AI Generated Videos with Show-1 on Vultr Cloud GPU

Updated on July 25, 2024
AI Generated Videos with Show-1 on Vultr Cloud GPU header image

Introduction

Show-1 is a deep learning model designed to generate realistic videos from text prompts. The model uses both latent-based and pixel-based text-to-video diffusion models (VDMs) to generate videos. While creating videos, the Show-1 model uses the pixel-based VDM to generate a low-resolution video that accurately matches the text prompt and applies the latent-based VDM to increase the video resolution.

This guide explains how to generate AI videos using the Show-1 model on a Vultr Cloud GPU server. You will set up the server environment with the necessary transformers, generative adversarial networks, and optical flow estimation libraries to generate high-quality videos that match your input text prompts.

Prerequisites

Before you begin:

Set Up the Server

Follow the steps below to install all required Show-1 dependency packages such as Gradio to process multimedia content on the server using the model.

  1. Clone the Show-1 generative-model repository using Git.

    console
    $ git clone https://github.com/showlab/Show-1.git
    
  2. List your directory files and verify that a new Show-1 directory is available.

    console
    $ ls
    

    Output:

    Show-1
  3. Switch to the Show-1 project directory.

    console
    $ cd Show-1/
    
  4. Install the Python virtual environment package using APT.

    console
    $ sudo apt install python3-virtualenv
    
  5. Create a new Python virtual environment such as show1-env.

    console
    $ virtualenv show1-env
    
  6. Activate the virtual environment.

    console
    $ source show1-env/bin/activate
    
  7. Update the Pip package manager.

    console
    (show1-env)$ pip install --upgrade pip
    
  8. Install Gradio using Pip.

    console
    (show1-env)$ pip install gradio
    
  9. Install the OpenCV library to export generated videos.

    console
    (show1-env)$ pip install opencv-python
    
  10. Back up the original requirements file.

    console
    $ mv requirements.txt requirements_copy.txt
    
  11. Open the requirements file using a text editor such as Nano.

    console
    $ nano requirements.txt
    
  12. Add the following contents to the file.

    diffusers==0.19.3
    bitsandbytes==0.35.4
    decord==0.6.0
    transformers==4.29.1
    accelerate                 
    imageio==2.14.1
    torch                      
    torchvision                
    beautifulsoup4
    tensorboard
    sentencepiece
    safetensors
    modelcards
    omegaconf
    pandas
    einops
    ftfy

    The above configuration removes the version restrictions for accelerate, torch, and torchvision modules. The original package versions may not be compatible with each other and removing the version specifications allows Pip to solve dependency conflicts.
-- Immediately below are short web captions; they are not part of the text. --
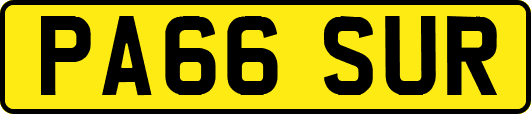 PA66SUR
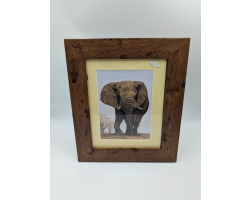 A brush with Africa Elephant (1C) Framed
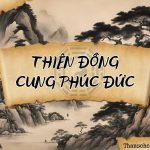 Thiên Đồng cung Phúc Đức là gì? Luận giải ý nghĩa khi kết hợp với các sao khác
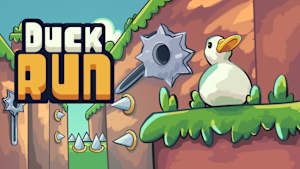 Duck Run cover image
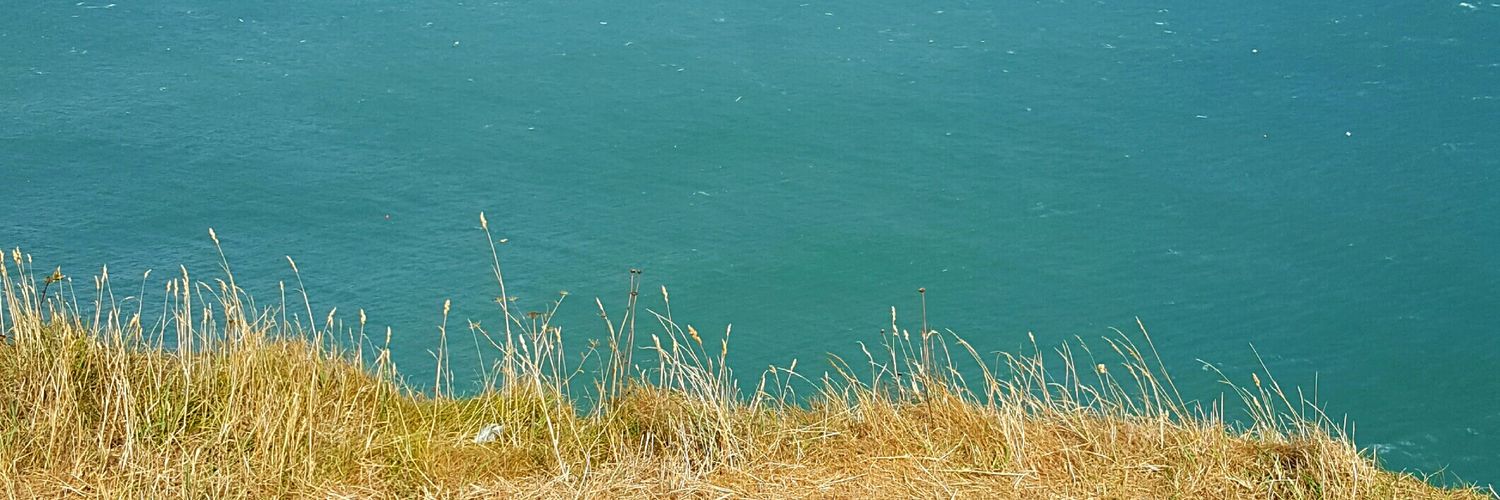 lookitsbeck's profile banner image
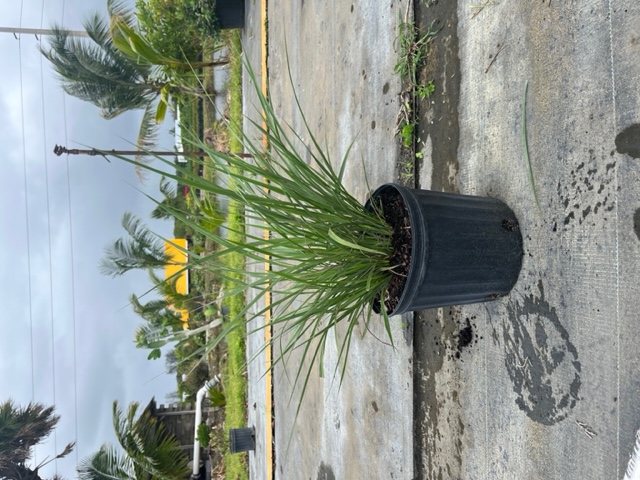 tripsacum-floridana-florida-gama-grass-dwarf-fakahatchee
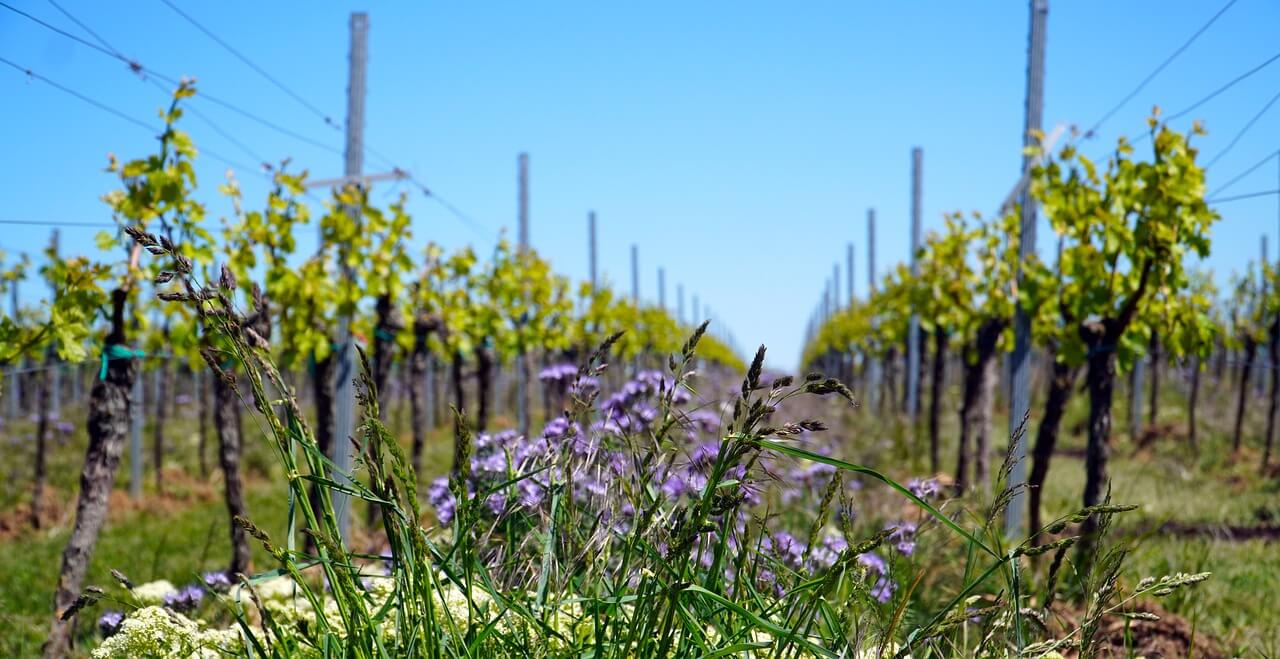 Viticulture-organic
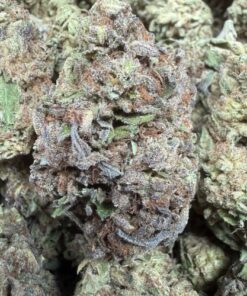 White Gummy "B+ Grade" Greenhouse Flower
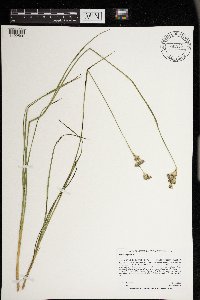 Juncus longistylis image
  13. Install all required Python packages using the requirements.txt file.

    console
    $ pip install -r requirements.txt
    

Enable Access to the DeepFloyd Super-Resolution Model

The Show-1 AI video generator uses pixel-based VDMs that include a DeepFloyd super-resolution model to transform the initial low-resolution to a high-resolution video. Log in to your Hugging Face account using your access token on the server to enable access to the DeepFloyd model repository.

  1. Log in to your Hugging Face account using the huggingface-cli Transformers library.

    console
    $ huggingface-cli login
    

    Enter your Hugging Face access token when prompted and press Enter to save changes.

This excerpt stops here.